Polemik 53 titik Wilayah Pertambangan Rakyat (WPR) di Kabupaten Parigi Moutong kini bukan lagi sekadar soal data, tapi soal wibawa dan kejujuran pemerintahan.
Oleh : Faradiba Zaenong
Awalnya, publik hanya mendengar bahwa Bupati mengetahui 16 titik usulan WPR. Namun, dalam dokumen resmi yang ditandatangani langsung olehnya, jumlah itu melonjak menjadi 53 titik.
Pertanyaannya sederhana — siapa yang menambah? atas dasar apa? dan mengapa Bupati bisa menandatangani tanpa tahu isinya secara utuh?
Di titik inilah publik mulai ragu: apakah birokrasi di Parigi Moutong masih berjalan di atas sistem, atau hanya berdasarkan kedekatan dan permainan kepentingan di belakang meja?
Sayangnya, setiap kali publik menunggu penjelasan yang menenangkan, yang keluar justru pernyataan blunder — saling bantah, saling klarifikasi, dan saling salahkan.
Padahal rakyat hanya butuh satu hal: kepemimpinan yang tegas dan tahu apa yang sedang terjadi di bawah tanggung jawabnya.
Sebagai kepala daerah, Bupati semestinya menjadi penenang badai, bukan bagian dari pusarannya.
Kalau memang ada manipulasi atau kesalahan internal, selesaikan secara tertutup dan bermartabat. Jangan jadikan ruang publik sebagai tempat cuci tangan dan lempar kesalahan.
Karena semakin sering pejabat berbicara tanpa arah, semakin jelas terlihat retaknya koordinasi dan lemahnya kontrol dalam pemerintahan ini.

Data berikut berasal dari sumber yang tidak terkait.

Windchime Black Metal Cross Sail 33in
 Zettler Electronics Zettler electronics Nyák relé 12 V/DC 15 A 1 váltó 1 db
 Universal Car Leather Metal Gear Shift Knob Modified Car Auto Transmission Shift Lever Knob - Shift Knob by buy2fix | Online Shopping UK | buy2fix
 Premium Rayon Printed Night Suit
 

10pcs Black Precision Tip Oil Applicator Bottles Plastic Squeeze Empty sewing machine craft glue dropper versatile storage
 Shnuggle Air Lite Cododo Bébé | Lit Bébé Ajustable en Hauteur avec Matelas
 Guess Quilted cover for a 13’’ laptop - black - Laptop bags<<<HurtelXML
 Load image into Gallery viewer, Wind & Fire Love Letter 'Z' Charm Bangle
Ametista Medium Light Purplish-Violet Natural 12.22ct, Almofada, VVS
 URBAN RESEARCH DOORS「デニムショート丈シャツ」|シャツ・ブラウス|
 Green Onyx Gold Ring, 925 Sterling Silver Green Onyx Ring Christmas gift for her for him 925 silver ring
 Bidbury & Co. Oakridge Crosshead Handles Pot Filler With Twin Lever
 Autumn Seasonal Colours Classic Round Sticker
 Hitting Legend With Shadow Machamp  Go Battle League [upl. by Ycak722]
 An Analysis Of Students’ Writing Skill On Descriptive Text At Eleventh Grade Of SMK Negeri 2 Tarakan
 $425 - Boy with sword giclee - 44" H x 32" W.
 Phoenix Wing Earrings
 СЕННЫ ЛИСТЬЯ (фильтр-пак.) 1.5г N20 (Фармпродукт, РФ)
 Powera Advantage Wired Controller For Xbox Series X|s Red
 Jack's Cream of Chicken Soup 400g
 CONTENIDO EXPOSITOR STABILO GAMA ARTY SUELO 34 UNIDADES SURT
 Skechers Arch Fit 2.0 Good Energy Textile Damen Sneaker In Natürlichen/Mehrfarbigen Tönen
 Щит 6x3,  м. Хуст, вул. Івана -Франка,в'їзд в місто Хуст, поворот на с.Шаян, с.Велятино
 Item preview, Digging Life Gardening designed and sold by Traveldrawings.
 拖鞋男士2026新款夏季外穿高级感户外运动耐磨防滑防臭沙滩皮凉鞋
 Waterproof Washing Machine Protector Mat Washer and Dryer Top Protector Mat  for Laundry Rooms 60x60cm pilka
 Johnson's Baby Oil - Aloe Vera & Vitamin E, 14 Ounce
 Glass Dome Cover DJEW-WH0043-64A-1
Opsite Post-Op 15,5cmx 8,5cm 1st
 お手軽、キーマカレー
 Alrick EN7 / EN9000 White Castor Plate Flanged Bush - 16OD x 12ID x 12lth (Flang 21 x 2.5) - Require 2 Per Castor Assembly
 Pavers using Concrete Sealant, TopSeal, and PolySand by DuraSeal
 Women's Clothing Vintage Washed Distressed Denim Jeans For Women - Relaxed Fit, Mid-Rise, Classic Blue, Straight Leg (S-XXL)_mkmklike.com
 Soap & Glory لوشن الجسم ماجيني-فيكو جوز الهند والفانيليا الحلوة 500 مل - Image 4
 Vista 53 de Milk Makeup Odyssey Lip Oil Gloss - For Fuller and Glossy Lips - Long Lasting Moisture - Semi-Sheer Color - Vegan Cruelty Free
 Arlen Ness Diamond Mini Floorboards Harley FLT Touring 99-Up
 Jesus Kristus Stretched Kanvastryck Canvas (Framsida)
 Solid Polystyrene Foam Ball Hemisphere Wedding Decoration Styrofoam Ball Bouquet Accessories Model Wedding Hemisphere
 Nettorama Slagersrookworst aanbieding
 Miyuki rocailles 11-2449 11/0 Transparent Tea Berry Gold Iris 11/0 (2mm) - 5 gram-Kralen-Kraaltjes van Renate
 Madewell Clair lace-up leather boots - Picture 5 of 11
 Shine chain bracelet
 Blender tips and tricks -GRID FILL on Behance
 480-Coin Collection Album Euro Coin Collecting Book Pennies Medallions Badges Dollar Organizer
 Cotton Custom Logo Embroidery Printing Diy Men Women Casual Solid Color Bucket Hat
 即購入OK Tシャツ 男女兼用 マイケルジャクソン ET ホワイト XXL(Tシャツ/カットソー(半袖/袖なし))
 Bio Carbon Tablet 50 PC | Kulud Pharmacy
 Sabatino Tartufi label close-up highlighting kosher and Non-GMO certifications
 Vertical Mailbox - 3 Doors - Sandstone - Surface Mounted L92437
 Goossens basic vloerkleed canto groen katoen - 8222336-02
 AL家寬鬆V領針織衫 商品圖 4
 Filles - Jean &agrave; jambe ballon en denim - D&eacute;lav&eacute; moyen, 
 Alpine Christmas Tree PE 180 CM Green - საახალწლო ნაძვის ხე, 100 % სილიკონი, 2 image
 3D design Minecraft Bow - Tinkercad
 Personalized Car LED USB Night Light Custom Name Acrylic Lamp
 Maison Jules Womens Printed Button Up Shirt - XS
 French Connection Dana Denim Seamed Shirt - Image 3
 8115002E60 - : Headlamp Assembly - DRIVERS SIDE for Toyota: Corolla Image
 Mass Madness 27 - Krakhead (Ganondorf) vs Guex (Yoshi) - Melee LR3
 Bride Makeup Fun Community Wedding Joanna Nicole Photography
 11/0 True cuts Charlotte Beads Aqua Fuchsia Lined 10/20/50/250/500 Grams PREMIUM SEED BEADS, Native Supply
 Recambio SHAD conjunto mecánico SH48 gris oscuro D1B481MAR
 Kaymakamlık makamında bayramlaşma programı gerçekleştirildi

Dan jika ini dibiarkan, bukan cuma kredibilitas yang runtuh — tapi juga kepercayaan rakyat yang selama ini masih bertahan karena harapan.
Masalah 53 titik WPR seharusnya menjadi momentum koreksi, bukan panggung pencitraan.
Karena pada akhirnya, kepemimpinan tidak diukur dari seberapa keras seseorang membela diri, tetapi seberapa tenang ia menuntaskan kekacauan yang dibuat oleh sistemnya sendiri.
Dan bila Bupati masih terus sibuk berbicara di depan media, sementara masalah di meja kerja tak kunjung dibereskan —
maka rakyat berhak bertanya:
Apakah Parigi Moutong masih dipimpin, atau hanya sedang dipertontonkan?